Не то Совинский подошел к ней, не то она остановилась рядом, пошатнулась, коснулись друг друга да так и остались, Иван осторожно поддержал Анастасию, наклонившуюся к его плечу, робко охватил ее рукой. Полуобъятия. Она спросила насмешливо:
- Что тебя привлекает во мне?
- Недостижимость, - сказал он тихо. - Настоящая женщина всегда недостижима. А ты настоящая.
- Не боишься ошибиться?
- Нет.
- Можешь меня поцеловать?
Он нагнулся над нею неумело и робко, она вырвалась, отскочила, засмеялась:
- Боже мой! Не так! Совсем же не так!
Иван попытался поймать Анастасию, но она обежала вокруг него, подскочила с другой стороны, обожгла губами, забила ему дыхание, снова исчезла на миг, а когда появилась вновь, он не дал ей уклониться, сграбастал в объятия, прижал к груди и даже испугался, когда она обмякла, поддалась без сопротивления не то в оцепенении, не то в безразличии... Неуклюжесть и торопливость сближения. Стыд. Позор. Отчаянье.
Она оттолкнула Совинского, закрыла лицо руками. Банальный жест. Теперь - еще более банальные слова? Анастасия закусила губу. Ни слова, ни звука, будто умерла. Совинский испуганно завозился в темноте.
- Анастасия!
Она молчала. Гнала его от себя молчанием, гнала отсюда, отовсюду, здесь, везде, всегда! Уходи, не возвращайся, не приходи, не вспоминай, забудь! Что она натворила? Что натворила?!
А Иван ничего не мог понять. Такой никогда не поймет, он доверчив и слишком углублен в себя. Никогда не научится заглядывать в чужую душу. Он не виноват. Все она!

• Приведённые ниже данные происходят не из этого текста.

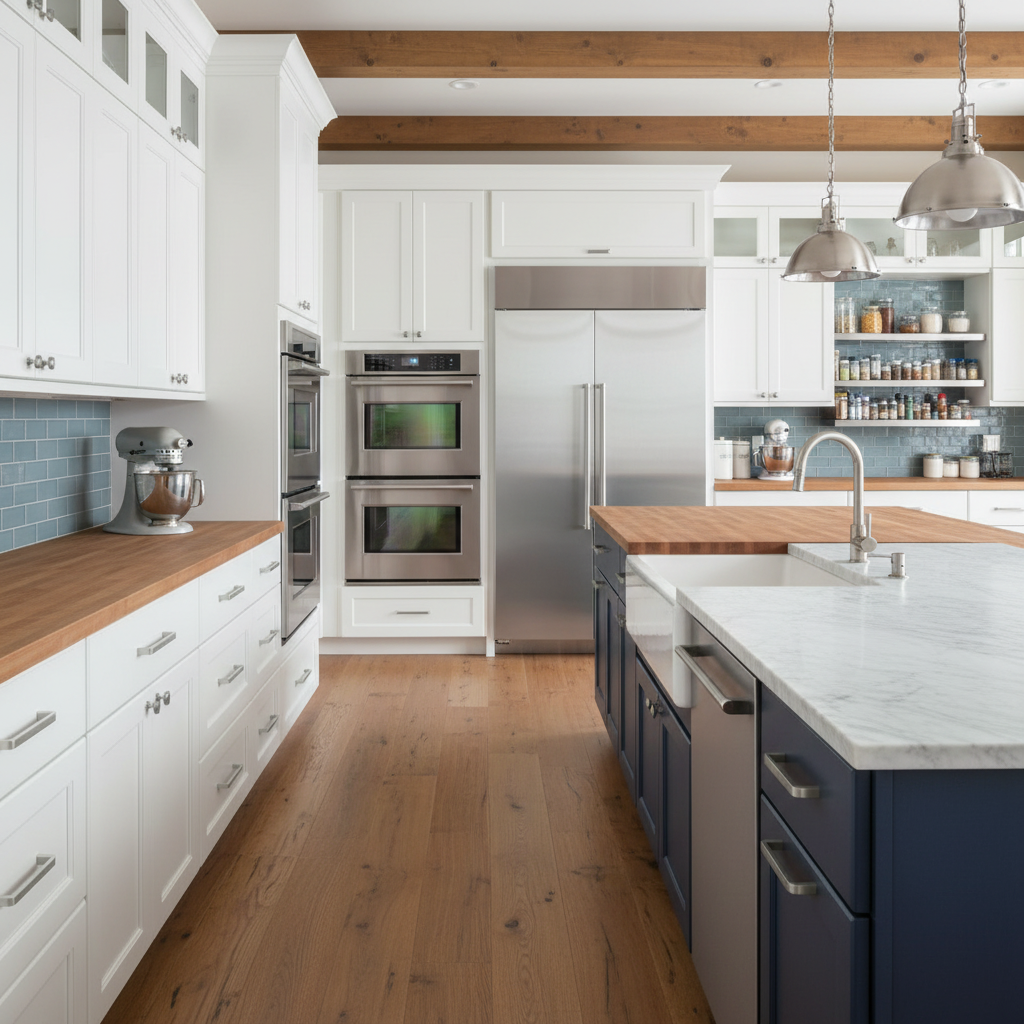 Metallic handle on a navy blue drawer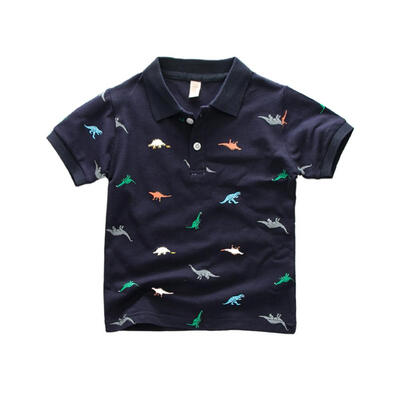 

Summer Baby Boy Short Sleeve Shirts For Kids Turndown Cotton Casual Tops Tees 3-8T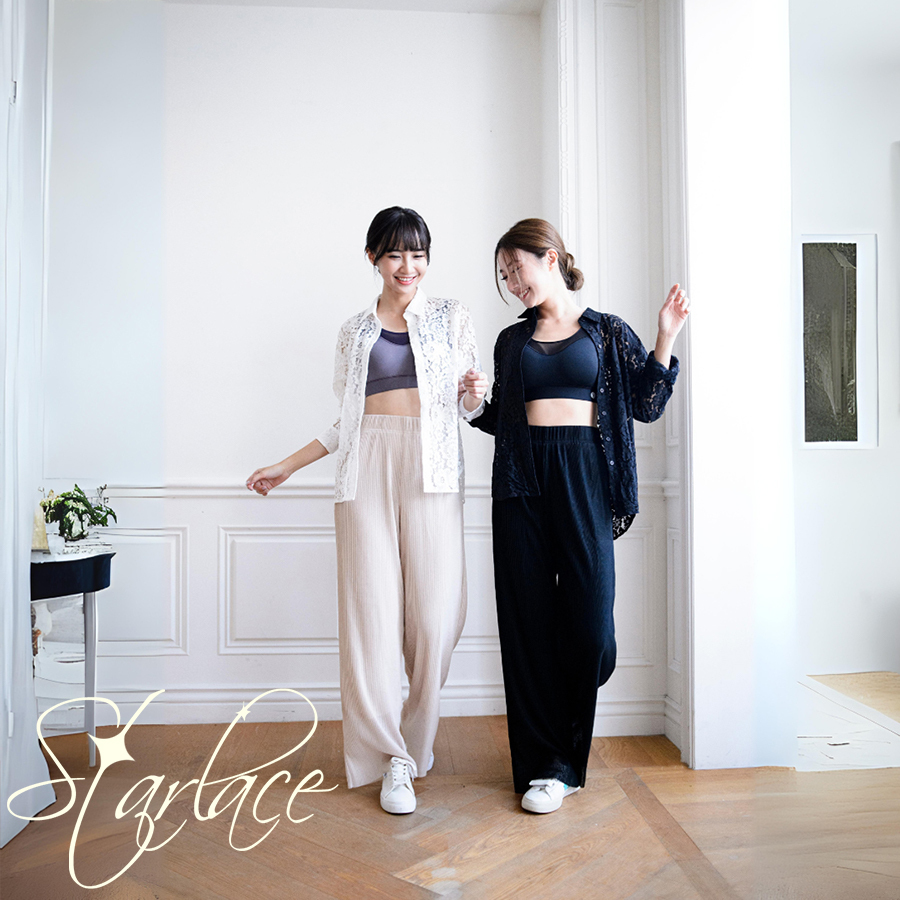 【STAR LACE】矽米子闊腿壓褶長褲(壓褶寬褲、機能長褲、機能寬褲)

- Анастасия! - Иван нашел в темноте ее руку, но Анастасия выдернула ее, съежилась на диване, молча молила его: "Уходи же! Уйди!" А он не понимал, пробовал втиснуться на диван, где ему не было места, бормотал:
- Поверь мне, я не хотел... Напало, как землетрясение. Все должно быть совсем не так, я понимаю... А может, так? А, Анастасия? Я... Ты не можешь себе представить... Спасибо тебе!.. Нет, не то... Тут надобно что-то другое... Я не знаю... Ты разрешишь? Не могу тебя так оставить. Я побуду здесь... На кресле или как...

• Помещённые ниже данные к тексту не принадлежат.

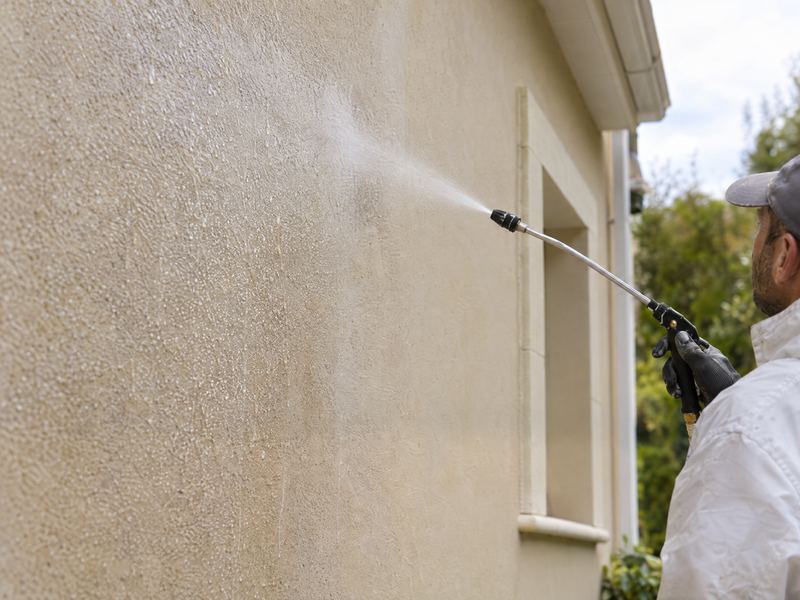 Application d'un hydrofuge incolore sur une façade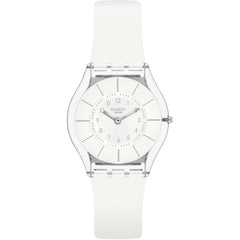 Swatch Unisex Watch - White Classiness Quartz Transparent Case Strap | SS08K102-S14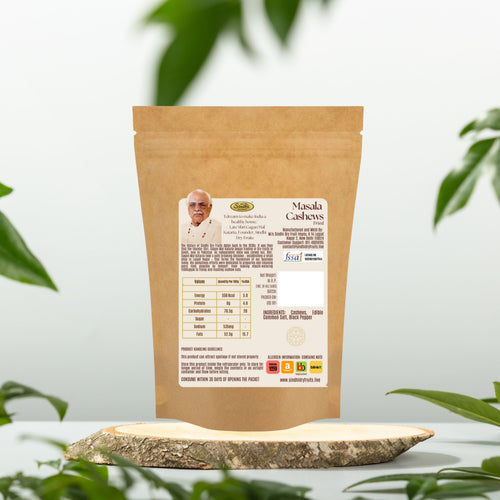 Black pepper cashews 500g pack detail – spicy fried kaju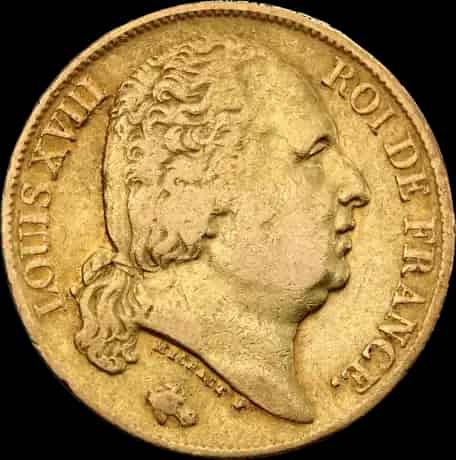 20 Franków Francuskich Ludwik XVIII - thumbnail 1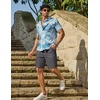 image:imageCOOFANDY Mens Casual Shorts 9 Flat Front Elastic Waist Linen Dress Shorts Lightweight Summer Outfits with PocketsDark Gray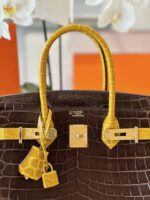 HN 30 Brown/Gold Genuine Crocodile Leather Gold Hardware – Custom Made - Image 2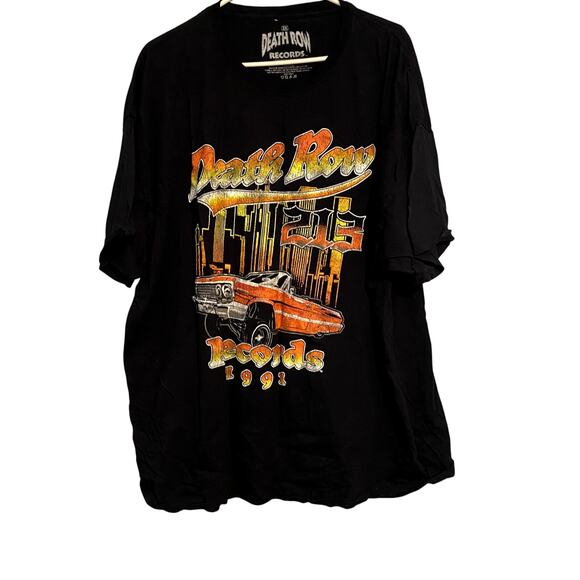 Death Row Records 3X Black Graphic T-Shirt 90s Hip Hop Rap Tee Short Sleeve - Picture 1 of 5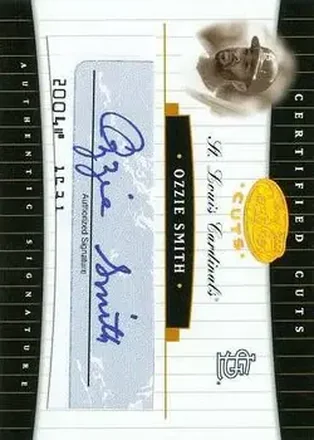 2004 Leaf Certified Cuts #CC-24 Check Signature Blue Ozzie Smith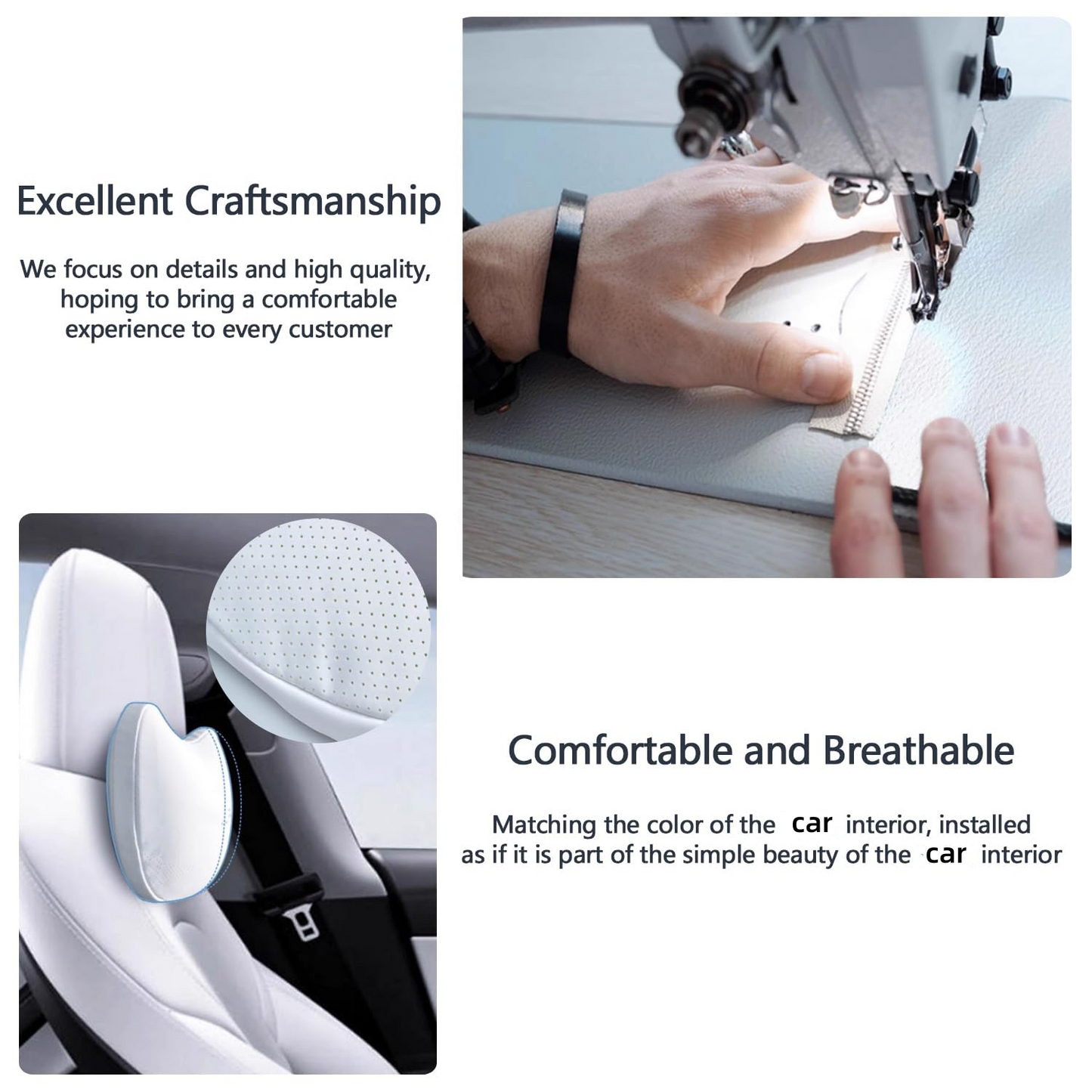 TOPABYTE Universal Car Headrest Nappa Leather Neck Pillow for BMW (Black/White/Pink/Tacora Red)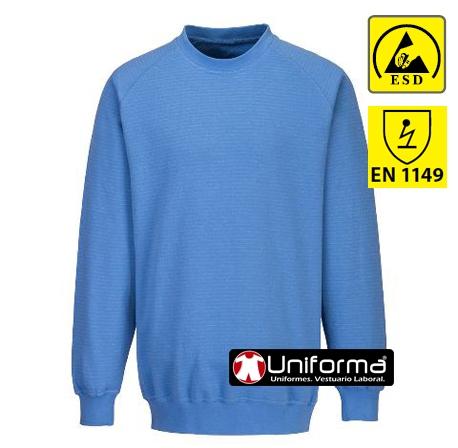 Sudadera ESD disipativa de la carga electroestática con fibra de carbono conductora EN1149 para trabajar con componentes electrónicos personalizable con logo de empresa en uniforma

- Нет, - наконец обрела дар речи Анастасия, испугавшись, что он и в самом деле останется и просидит до утра в кресле, а тогда... Несносно и невыносимо!
Он согласился быстро и послушно.
- Ну, хорошо. Я уйду... Буду ходить вон там, в сквере, напротив твоего окна, до утра.
- Нет, нет!
- Поеду с тобой в Киев. За тобой. Завтра дам телеграмму Карналю. Попрошусь. Умолю. На любую работу. Лишь бы вернуться. Чтобы быть там, где ты, с тобой.
- Не-ет! - чуть не закричала она и даже соскочила с дивана, представив себе все, о чем сказал Совинский.
- Все равно я приеду, - упрямо повторил он, и тогда она и вправду закричала отчаянно: "Не-ет!" и с силой стала выталкивать его из комнаты, так что даже сонная дежурная в конце коридора удивленно вырвалась из дремоты и с любопытством присматривалась, что там делается. Но Анастасия вовремя спохватилась, тихо прошипела:
- Не смей! Ничего не смей! - и заперла за ним дверь.